BACKGROUND: Current research suggests that people with attention deficit hyperactivity disorder (ADHD) are at higher risk of physical and mental health disorders. This study aimed to explore these health risks in ADHD from the perspectives of multiple stakeholders.

METHODS: This study forms part of the 'Managing young people with ADHD in Primary care (MAP) study'. A survey developed by the study team was distributed to over 16 year olds with ADHD, their supporters, primary healthcare professionals and health commissioners across England, via social media and through patient/clinical networks (September-October 2022). This survey contained two questions on health risks. Question one asked about views on health risks in ADHD (free text). Question two asked about advice given (options list and free text). Descriptive statistics summarised responses to questions one and two, and qualitative analysis (reflexive thematic analysis) was used to explore free text responses from question one.

RESULTS: 782 participants responded to the MAP survey. Of these, 206 healthcare professionals, 157 people with ADHD and 88 supporters answered question one. The most mentioned perceived risks were substance misuse, sleep disorders, weight management and smoking. More people with ADHD reported disordered eating as a health risk (n = 32) than healthcare professionals (n = 5). Generated themes included perceived health risks, impact of living with ADHD, lack of adequate healthcare, and need for ADHD awareness. In respect to advice given (question two), based on responses from 258 professionals, 162 people with ADHD and 100 supporters, the most common advice discussed in consultation was mental health (n = 149, n = 50 and n = 17 respectively). High numbers of respondents reported not giving/receiving advice on wider health (n = 38, n = 88 and n = 61 respectively).
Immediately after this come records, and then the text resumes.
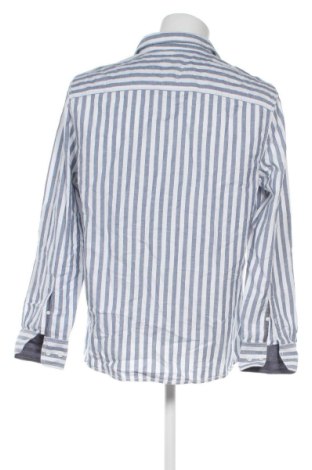 Męska koszula Tom Tompson, Rozmiar L, Kolor Kolorowy, Cena 27,99 zł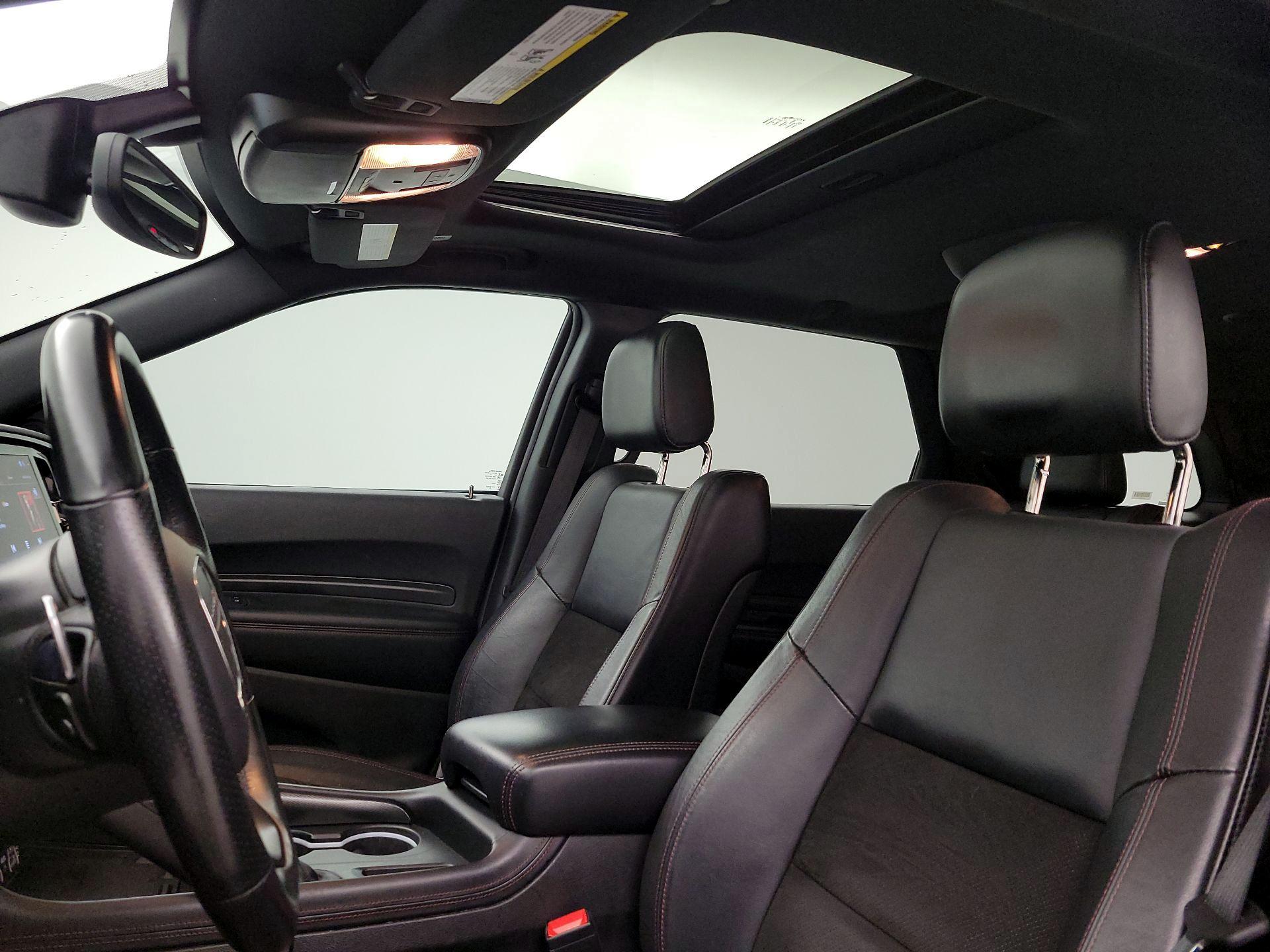 Thumbnail: 2022 Dodge Durango - 19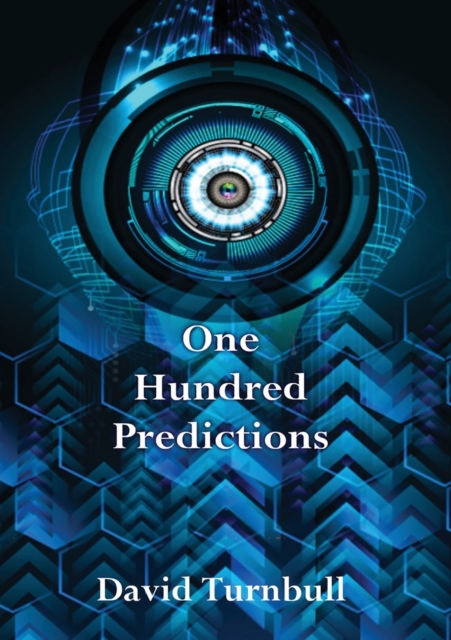 One Hundred Predictions, Paperback / softback Book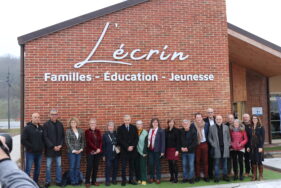 Agrandir l'image, fenêtre modale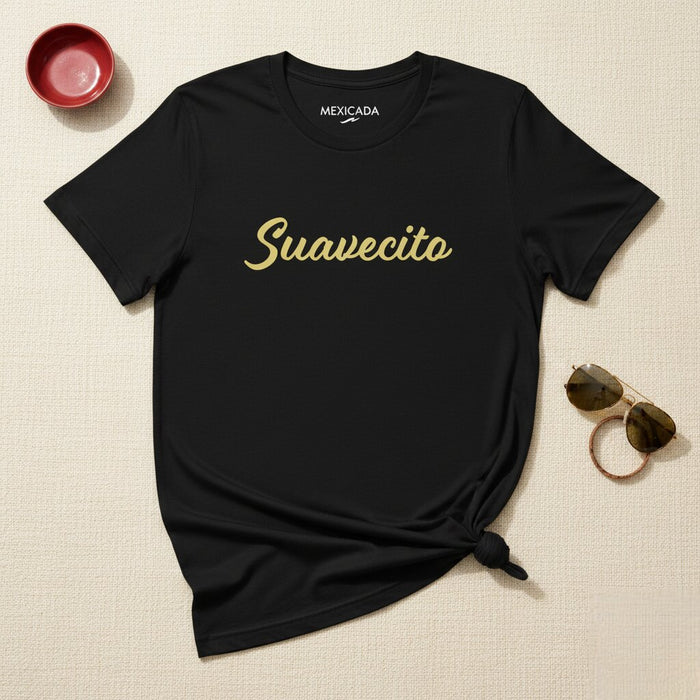 Maglietta da uomo e donna Suavecito | Elegante, comoda, casual, urbana, alla moda | S5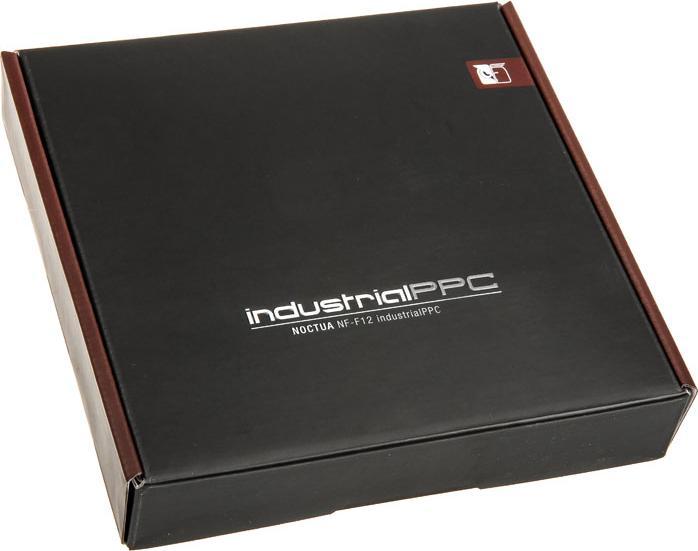 Produktbild Noctua Nf-F12 Ppc 2000 Ip67 (120 mm, 1 x)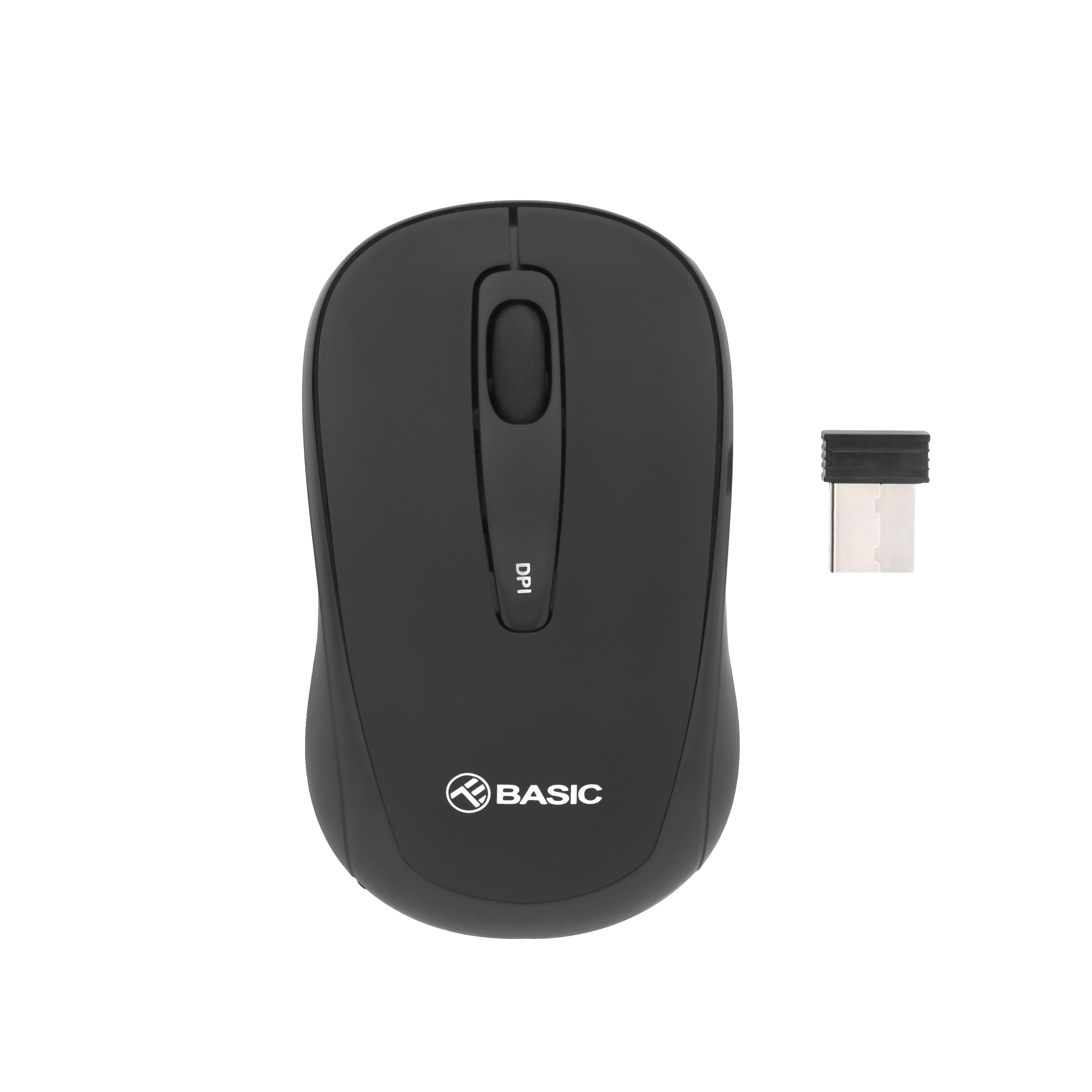 Wireless Mouse Mini - TELLUR
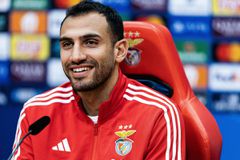 Ο Παυλίδης για τον Μουρίνιο: «Δεν μπορώ να πω - Ο προπονητής θα με σκότωνε»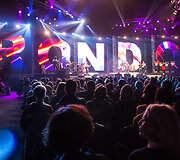 &bdquo;RONDO gyvai&ldquo; Vilniuje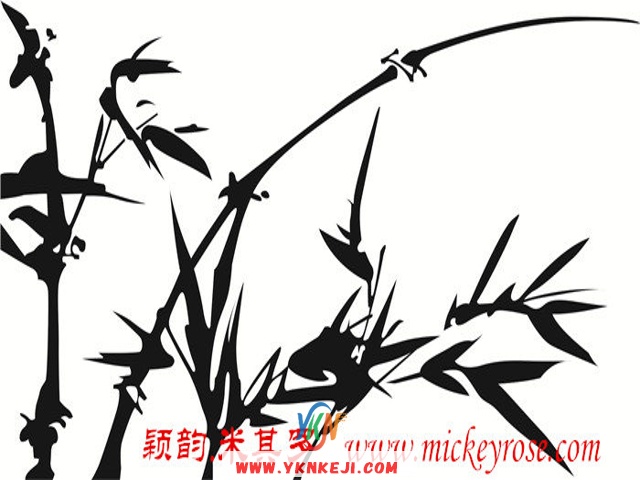兰舍竹子篇：mltx-775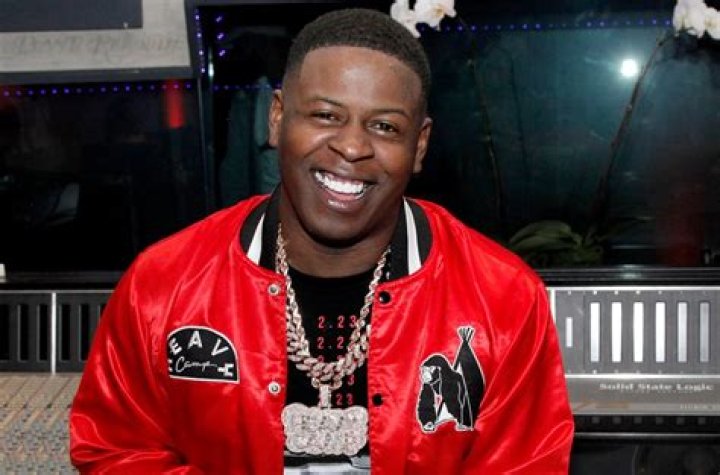 blac youngsta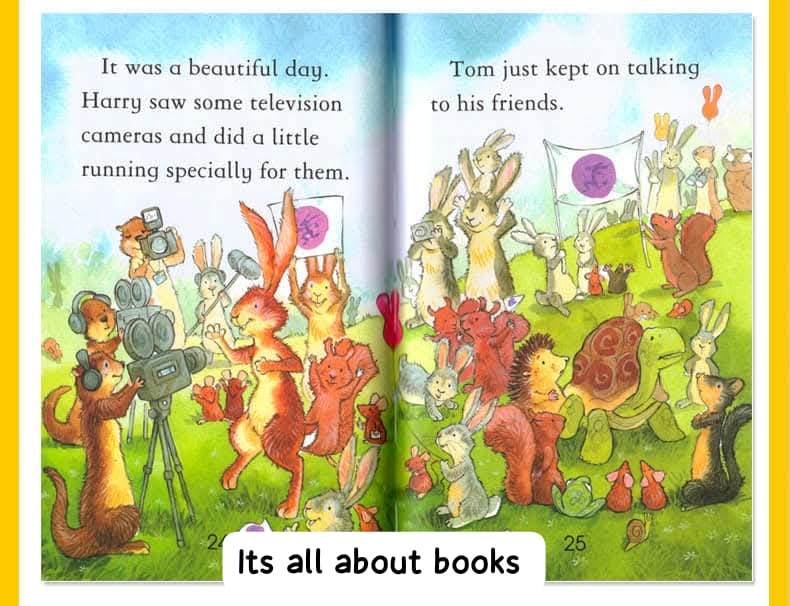 USBORNE MY READING LIBRARY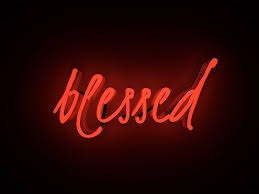 Find & download free graphic resources for neon red. We Are Truly Blessed Jimmy Quote He God Saved The Best For Last Red And Black Wallpaper Red Aesthetic Grunge Red Aesthetic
CONCLUSIONS: Findings demonstrate that respondents perceived a range of physical and mental health risks posed by ADHD. These related to difficulties with activities of daily living, as well as healthcare interactions and the impact of core features of ADHD (e.g. impulsivity, emotional dysregulation). These risks are not currently explicitly addressed in United Kingdom national guidance on ADHD. More work is needed to examine and address the broader health outcomes of people with ADHD.